‘Knock-knock’, ‘knock-knock’… ¡abra la puerta que es el Censo!

Este jueves inician las visitas domiciliarias de encuestadores y en NYC se intensifican los esfuerzos para que todos sean contados

Los voluntarios que irán a los hogares son residentes de los mismos vecindarios en donde tocarán las puertas y que hablan el mismo idioma que sus vecinos.
Los voluntarios que irán a los hogares son residentes de los mismos vecindarios en donde tocarán las puertas y que hablan el mismo idioma que sus vecinos.
Foto: NYC Mayoral Office

La Ciudad de Nueva York tiene un objetivo muy claro: que ningún neoyorquino quede sin ser contado en el Censo 2020 que se realiza actualmente.

Y para lograr esa meta, este jueves comenzaron a realizarse las visitas domiciliarias de los encuestadores que tocarán puerta en puerta en los hogares de los cinco condados, que todavía no hayan contestado el cuestionario en internet, por correo postal o telefónicamente.

“En la nueva fase que inicia hoy del Censo 2020, vamos a ir puerta por puerta, a esos hogares que no han respondido. Aquí en la ciudad de Nueva York el porcentaje de los ya han contestado el cuestionario es de 54.8 por ciento, lo que significa que aproximadamente el 40 por ciento de los hogares de la ciudad recibirán un Knock-knock en sus puertas”, dijo Amit Bagga, subdirector del NYC Census.

Bagga explicó que este año, a diferencia de hace una década, los voluntarios que irán a los hogares son residentes de los mismos vecindarios en donde tocarán las puertas, y que hablan el mismo idioma que sus vecinos. “Recuerde que el cuestionario son solo 10 preguntas, dura 10 minutos contestarlo y todas las respuestas son estrictamente confidenciales”, insistió.

El funcionario fue categórico en un punto: “No hay en lo absoluto ninguna pregunta sobre el estatus migratorio, la ciudadanía, récord criminal, salario o información del Seguro Social”.

Pero el lograr que todos los neoyorquinos sean contados en el Censo no es una tarea fácil. Además del porcentaje de personas que no participa simplemente por apatía, ahora se le suman dos factores que pueden tener un impacto negativo en los inmigrantes: por un lado el miedo que todavía existe entre los indocumentados tras los intentos de la Administración Trump de agregar una pregunta sobre la ciudadanía, lo que ya se descartó, y por el otro lado, el reciente memorándum firmado por el Presidente en el que ordenó al Departamento de Comercio excluir a los ‘sin papeles’ del conteo.

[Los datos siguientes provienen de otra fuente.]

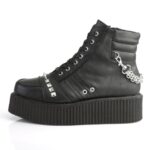 デモニア ジャパン ブラック ビーガン レザー V-creeper-565 - Image 4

Y si estas tácticas intimidatorias fueran poco, el pasado lunes, el secretario de Comercio Wilbur Ross anunció que el trabajo de campo para recolectar datos terminará un mes antes. Ahora será el 30 de septiembre, en vez del 31 de octubre como estaba previsto originalmente.

Es por esto que las autoridades de la Gran Manzana, el hogar de la segunda comunidad inmigrante más grande del país, volvieron a insistir este jueves que redoblarán los esfuerzos para hacerle frente a todos los intentos de la Administración Trump por desalentar la participación de las minorías.

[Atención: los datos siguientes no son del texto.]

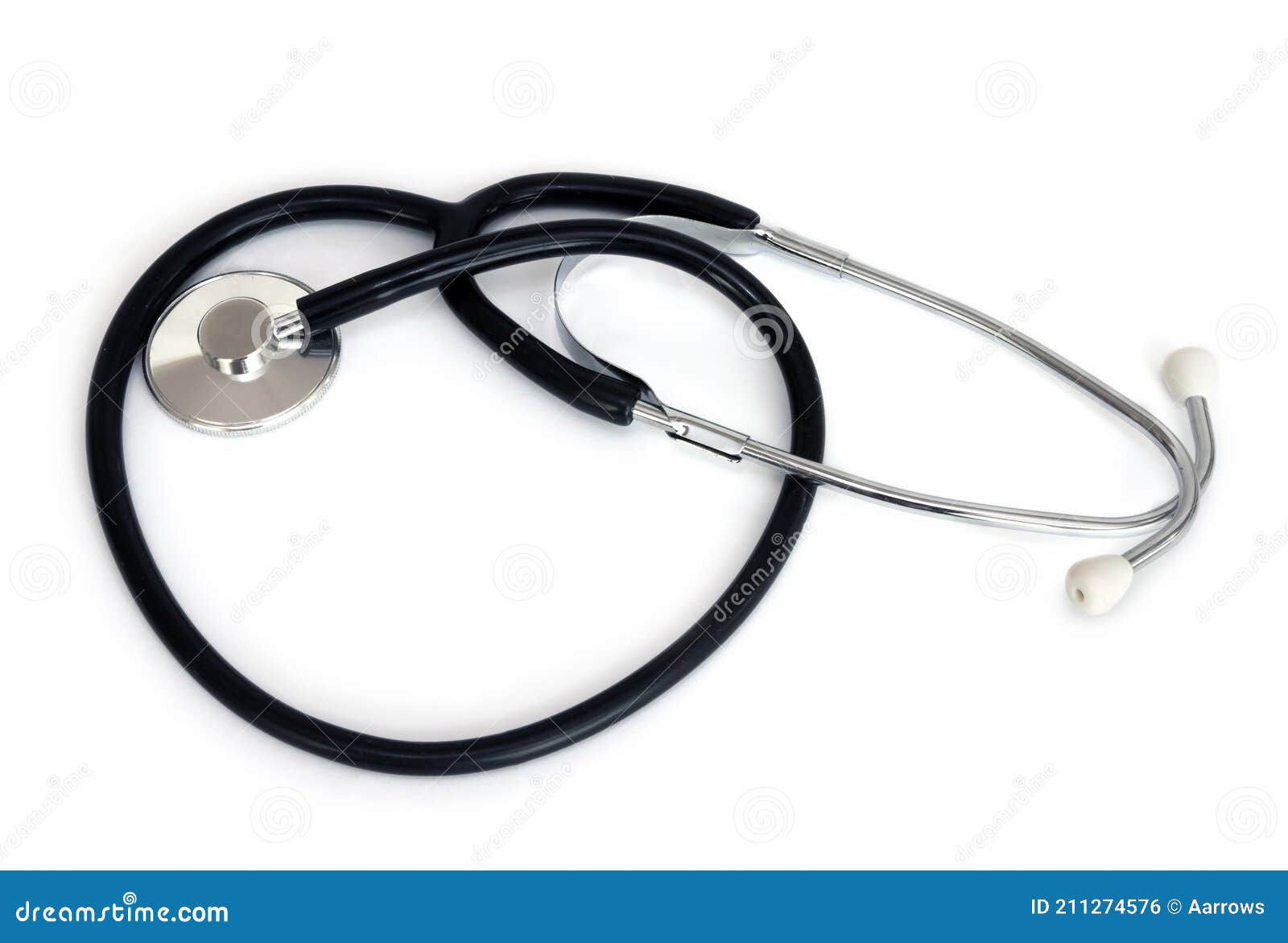 stethoscope  over a white background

“Es crucial que participen y por eso le pedimos a cada uno de los neoyorquinos que llene el cuestionario, y si conoce a alguien que no lo ha hecho todavía, familias, amigos, es importante que le digan que lo haga”, insistió el alcalde Bill de Blasio, agregando que está “garantizado en la Constitución la importancia de que todos los ciudadanos sean contados”.

El mandatario criticó los continuos esfuerzos para evitar que todos participen, indicando que la Ciudad de Nueva York luchará contra el más reciente esfuerzo de Trump de terminar el Censo un mes antes. “Explícitamente él está buscando que no se cuenten a las personas de color, las minorías como inmigrantes, y esa decisión la vamos a pelear con fuerza”.

De Blasio aseguró que la mejor arma para ganar esa batalla es lograr que en los próximos dos meses se dupliquen los esfuerzos para maximizar el conteo en cada rincón de los cinco condados, pero principalmente en los vecindarios de las minorías.

¿Por qué desalentar a los inmigrantes?

Organizaciones pro inmigrantes, activistas y funcionarios electos insisten que la respuesta es muy sencilla: por lo general las minorías están más inclinadas a votar por el Partido Demócrata, y por ello, el lograr que menos miembros de estas comunidades sean contados provocará que los estados y las ciudades con gobernadores y alcaldes de ese partido reciban menos fondos del presupuesto federal, así como menos representantes en el Congreso, lo que favorecería al Partido Republicano.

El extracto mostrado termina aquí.